* [Problem requirements]
When you copy the listing, skip the images and return each line verbatim.

* [Data shown]

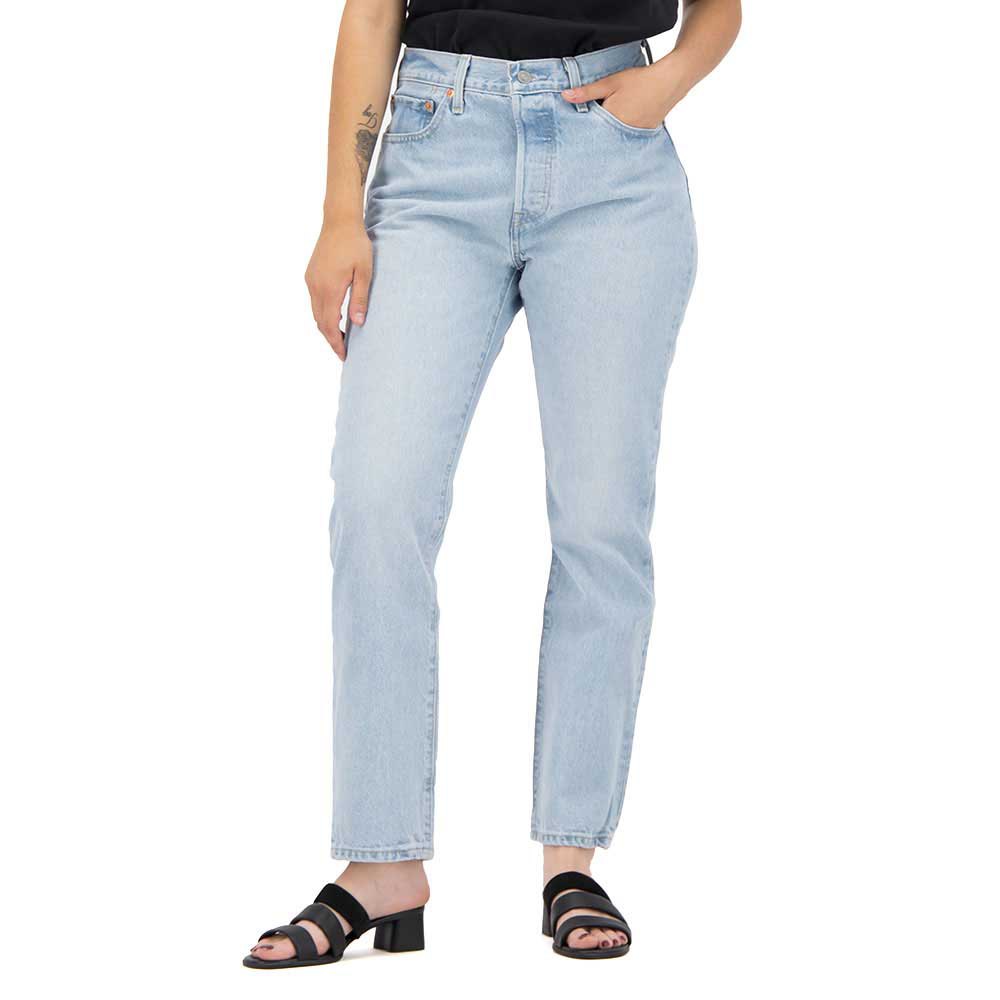 Levi´s ® 501 Original Stretch Cropped Jeans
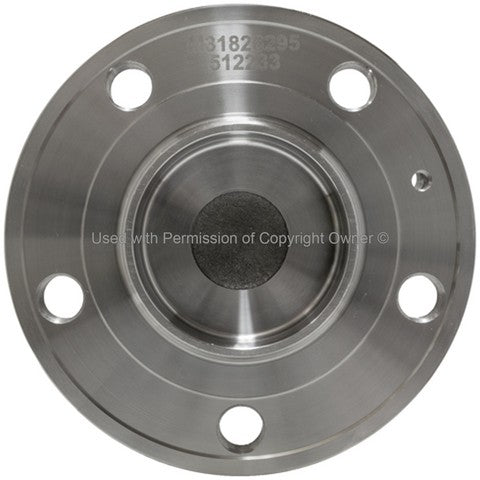Quality-Built Wheel Bearing and Hub Assembly P/N:WH512233 Fits: Volvo S60 09-01, Volvo S80 06-99, Volvo V70 07-01 - Image 4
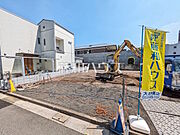 B号棟　外観　【練馬区谷原5丁目】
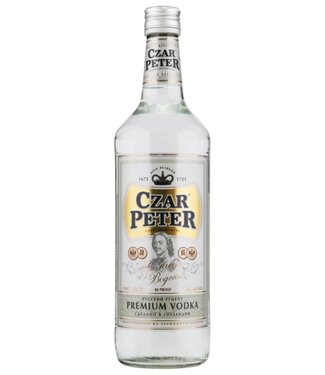 Czar Peter Vodka 100cl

* [Result below]
 Levi´s ® 501 Original Stretch Cropped Jeans
Quality-Built Wheel Bearing and Hub Assembly P/N:WH512233 Fits: Volvo S60 09-01, Volvo S80 06-99, Volvo V70 07-01 - Image 4
 B号棟　外観　【練馬区谷原5丁目】
 Czar Peter Vodka 100cl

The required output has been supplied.